The invention began to take shape in the 1980s. By day, the physicist worked at McDonnell Douglas Corp., where he wielded a powerful laser beam to crystallize diamonds. He built elegant computer simulations, called neural networks, to guide his experiments.

But at night, things were different. Shirley MacLaine and her ilk were all over the TV and on magazine covers talking about reincarnation and life after death and near-death experiences. It made Thaler wonder: "What would happen if I killed one of my neural networks?"

Neural networks can be either software programs or computers designed to model an object, process or set of data. Thaler reasoned that if a neural network were an accurate representation of a biological system, he could kill it and figure out what happens in the brain as it dies.

So after work, Thaler went home and created the epitome of a killer application — a computer program he called the Grim Reaper.

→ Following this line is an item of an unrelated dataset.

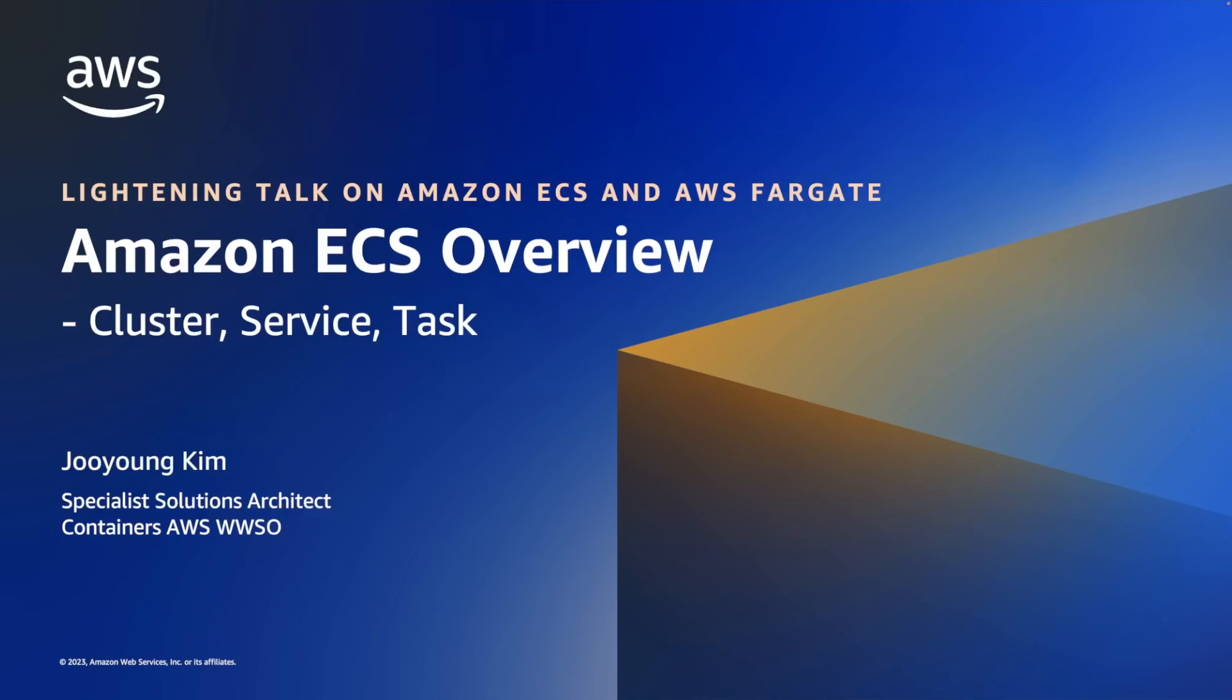Hello everyone, this is Jooyoung Kim and I'm a Container Specialist Solutions Architect here at Amazon Web Services.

On Christmas Eve 1989, Thaler typed the lyrics to some of his favorite Christmas carols into a neural network. Once he had taught the network the songs, he unleashed the Grim Reaper. As the reaper slashed away connections, the network’s digital life began to flash before its eyes. The program randomly spit out perfectly remembered carols as the killer application severed the first connections. But as its wounds grew deeper, and the network faded toward black, it began to hallucinate.

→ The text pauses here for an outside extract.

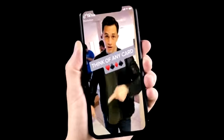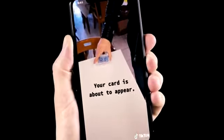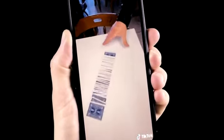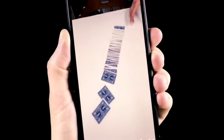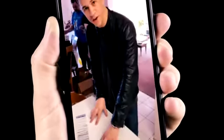Think of any card in your head. I got one card right here. I bet I can make your card appear right here. You know what? Actually, it's probably one of these. So I think that's fair.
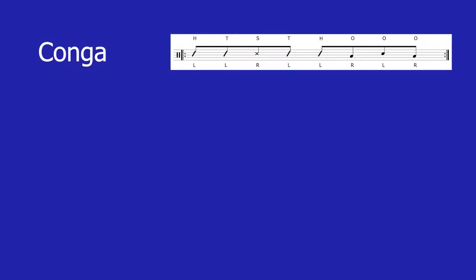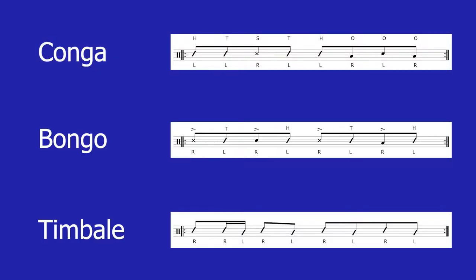Now let's look at how to play a bolero on congas. The bolero has two basic rhythms essential to the Cuban approach: the conga tumbao and the timbale pailas, which is also a rhythm played by the maracas. I'm going to break down the basic conga, bongo, and timbale parts.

The network wove its remaining strands of memory together, producing what someone else might interpret as damaged memories, but what Thaler recognized as new ideas. In its death spiral, the program dreamed up new carols, each created from shards of its shattered memories.

"Its last dying gasp was, ‘All men go to good earth in one eternal silent night,’ " Thaler said.

But it wasn’t the eloquence of the network’s last words that captured Thaler’s imagination. What excited him was how noisy and creative the process of dying was. It gave Thaler ideas. What if, he asked, I don’t cut the connections, but just perturb them a little?

Thaler built another neural network and trained it to recognize the structure of diamonds and some other super-hard materials. He also built a second network to monitor the first one’s activities.

Then he tickled a few of the network’s connections, and something began to happen.

The result was new ideas. The computer dreamed up new ultra-hard materials. Some of the materials are known to humans, but Thaler didn’t tell the network they existed. Other materials are entirely new, unknown to humans or computers before.

When Rusty Miller went to lunch one day in 1998, he picked up a specialized computer magazine called PCAI Journal. He flipped through the pages and came across a story about Thaler and his Creativity Machine inventing the ultra-hard substances. Instantly, Miller knew that Thaler had taken a step beyond other artificial intelligence technologies, such as fuzzy logic or genetic algorithms, he said.

The brilliance of Thaler’s invention is the noise he introduces into the system, Miller said.

"Noise allows neurons to have a little elbow room to dream up new ideas," Miller said.

Human brains are also noisy places, said Walter Freeman, a neurobiologist at the University of California at Berkeley. A debate has raged for half a century about what the brain does with noise.

Many biologists see noise as just a nuisance or a necessary evil, Freeman said. The brain devotes many neurons to the same task so it can swamp out that random activity, those scientists argue.

But Freeman subscribes to an alternative theory — that noise is essential for the brain to function properly. Noise provides variability that allows organisms to adapt to new situations, he said.

It’s not merely noise that makes Thaler’s Creativity Machines so ingenious, he argues. He has discovered a mathematical equivalent to the fleeting signals that work on neurons — a special kind of noise.

And Creativity Machines are their own best critics. In fact, they have critic networks built right in.

The critics select the best ideas generated by the noisy networks and reward good work. The feedback helps the network dream up even better ideas.